Moving to a BDC
Accepted an associate position last summer with a BDC, given the current environment would anyone have hesitation about moving to a BDC? Supposed to make the move early Fall. Appreciate any insight from someone in the BDC/credit industry
It’s definitely going to be interesting times for BDCs and middle market lending. You might not see a lot of new underwritings but seeing the workout side of portfolio management is always a good skill set to have. With that said, BDCs are public filers so you can obviously look into the health of the firm / loan portfolio you are joining and adjust your job search accordingly.
Depending on the BDC, would definitely have some reservations. TSLX seems to be pretty well positioned, for example, but sounds like a lot of the other guys will have portfolios that will struggle. All the BDCs are releasing earnings this week / next week, so would dig into some ER reports there if I were you.
EDIT: Wanted to clarify that the commentary below is for Ares Capital Corp.
From what I've read so far, Ares should be well positioned moving forward according to their earnings release. With that said Q2 earnings will be the real test for many of these BDCs and a much more interesting read. A couple of interesting snippets from Ares' earnings:
Spreads on new business are expected to be at least ~200bps higher than pre-COVID with stronger loan documentation.
Less than 10 of their borrowers have received modifications to loan terms thus far which is pretty impressive.
~3% of borrowers are behind payments at this point.
They bought $100 million worth of common shares which I thought was particularly gutsy on management's part.
Agreed w/ BankCredit that there should be no concerns heading to ARCC.
Hiya. I spoke witha friend last year who mentioned that the PE fund they worked with also had a private credit fund. I recently read that more PE firms are moving into lending. Do you think this will drastically affect the private credit space over the next decade?
Look up what is in their portfolio, but my guess is most BDCs will be doing damage control right now with everyone tripping covenants.
I’ve covered BDCs for several years now, I don’t think this fundamentally changes things between the good and bad ones. I think the good ones you’ll get to see some workout action, and the bad ones have been failing before this and will fail during this. ARCC and TSLX are the two best and consistent BDCs.
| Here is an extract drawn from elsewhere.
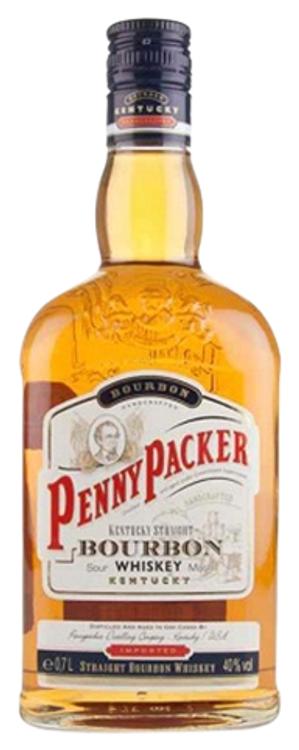 Pennypacker Bourbon Whisky 40%vol 700ml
PSEC and MRCC are two of the obvious worst. share prices are an easy way to tell, but overall destruction of capital over time is the cause.
I don’t think you should be worried if the BDC already had a good rep to begin with. like if you’re going to Owl Rock don’t worry
Can you explain the reasoning for why PSEC and MRCC are the obvious worst?
also curious about why you mention PSEC and MRCC as obvious worsts
take a look at their long term share price. they destroy capital at a faster rate than the other BDCs. their div yields are consistently higher than the best in class names signaling they’re not sustainable and capital will be destroyed (share price) in the process of you getting those yields. a BDC has to dividend out almost all its income so the only way for the share price to go is down unless you run an amazing ship and people are willing to pay premiums over NAV and you can issue new shares above NAV.